Bereits zum 14. Mal fand am 18. und 19. September der diesjährige Workshop zur Arbeitsmarktpolitik am IWH in Halle (Saale) statt, der traditionell gemeinsam mit dem Institut für Arbeitsmarkt- und Berufsforschung (IAB) organisiert wird. Mit dem Schwerpunkt „Industrielle Beziehungen: Arbeitnehmermitbestimmung und Tarifverträge im Fokus“ widmete sich der Workshop einem wirtschaftspolitisch aktuellen Thema.

21. Dezember 2017

Autoren Eva Hank Georg Neuschäffer

Lange Zeit galt Deutschland mit seinem dualen Modell aus branchengebundenen Tarifverträgen und dezentraler betrieblicher Mitbestimmung als ein institutioneller Vorreiter. Der Keynote-Vortrag von Professor Claus Schnabel, Friedrich-Alexander-Universität Erlangen- Nürnberg, zeichnete die Entwicklung des deutschen Modells innerhalb der letzten 30 Jahre nach. Empirische Ergebnisse zeigen einen Rückgang der Tarifbindung, sinkende Mitgliederzahlen von Gewerkschaften und weniger Unternehmen mit Betriebs- oder Personalräten. Gleichzeitig nimmt die Bedeutung informeller Einigungen stetig zu. Schnabel warf die Frage auf, ob angesichts dieses Befunds das deutsche Modell überholt sei und wo die Zukunft der industriellen Beziehungen liege.

In der Podiumsdiskussion kamen Wissenschaftler, Arbeitgeber- und Arbeitnehmervertreter sowie Geschäftsführer von Unternehmen aus der Region zu Wort. Alle Diskutierenden stellten die wichtige Rolle der industriellen Beziehungen in den Vordergrund. Gleichzeitig wurde deutlich, dass viele Unternehmen sich mehr Flexibilität wünschen, um auf aktuelle Herausforderungen wie die zunehmende Globalisierung oder die Digitalisierung reagieren zu können.
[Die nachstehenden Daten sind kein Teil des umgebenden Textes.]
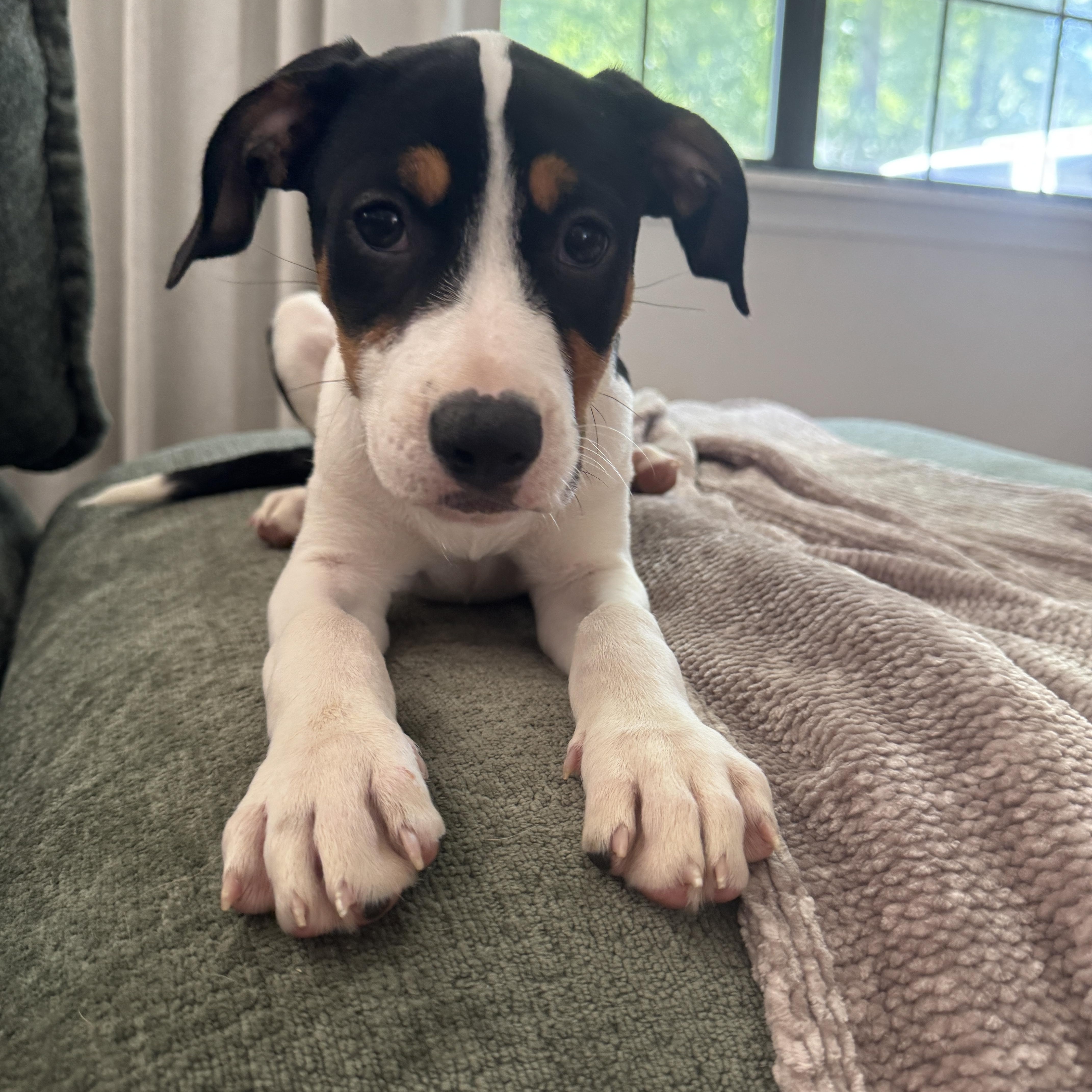 Enlarge Laverne, a ADOPTABLE mixed breed in Rock Hill, SC image 3/6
Während dies beispielsweise in der IT-Branche keine Nachteile für die stark nachgefragten Fachkräfte bedeuten sollte, sind die Konsequenzen des Rückgangs industrieller Beziehungen in anderen Branchen und für Niedrigqualifizierte vor allem aus Sicht der Gewerkschaften ein großes Problem.

Ob der Rückgang von Branchentarifverträgen auf Änderungen im Verhalten von Managern oder auf den Strukturwandel zurückzuführen ist, analysierte Dr. Susanne Kohaut (IAB) in ihrem Vortrag. Mit Hilfe einer Dekompositionstechnik untersuchte sie, wie die Abdeckung mit Tarifverträgen zum jetzigen Zeitpunkt aussähe, wenn die strukturellen Bedingungen von 1998 gelten würden. Sie zeigte, dass nur etwa ein Drittel der Veränderungen auf strukturelle Faktoren zurückzuführen sind.
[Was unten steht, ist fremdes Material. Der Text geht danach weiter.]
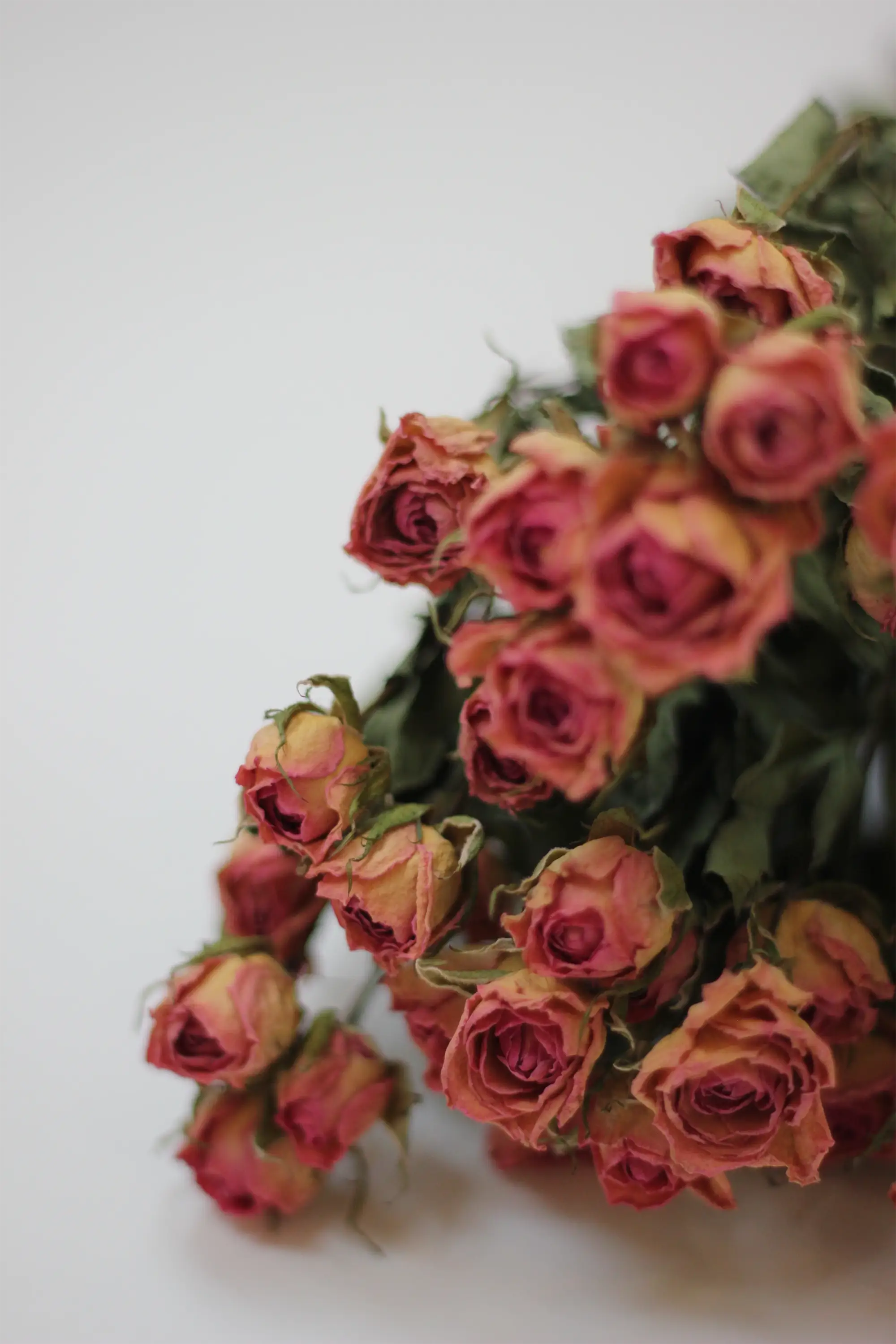 Dried Spray Roses Pink Flowers Bunch - 10 stems, 60cm - Image 2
Dr. Hagen Lesch (IW Köln) diskutierte die Frage, ob Tarifkonflikte durch die zunehmende Tarifpluralität härter und länger geworden sind. Die Vermutung liegt nahe, dass durch den Konkurrenzkampf zwischen Sparten- und Branchengewerkschaften der volkswirtschaftliche Schaden von Tarifauseinandersetzungen zunimmt, doch lässt sich diese Hypothese empirisch nicht eindeutig belegen. Hingegen ist eine Verlagerung der Arbeitskämpfe in den Dienstleistungssektor zu verzeichnen.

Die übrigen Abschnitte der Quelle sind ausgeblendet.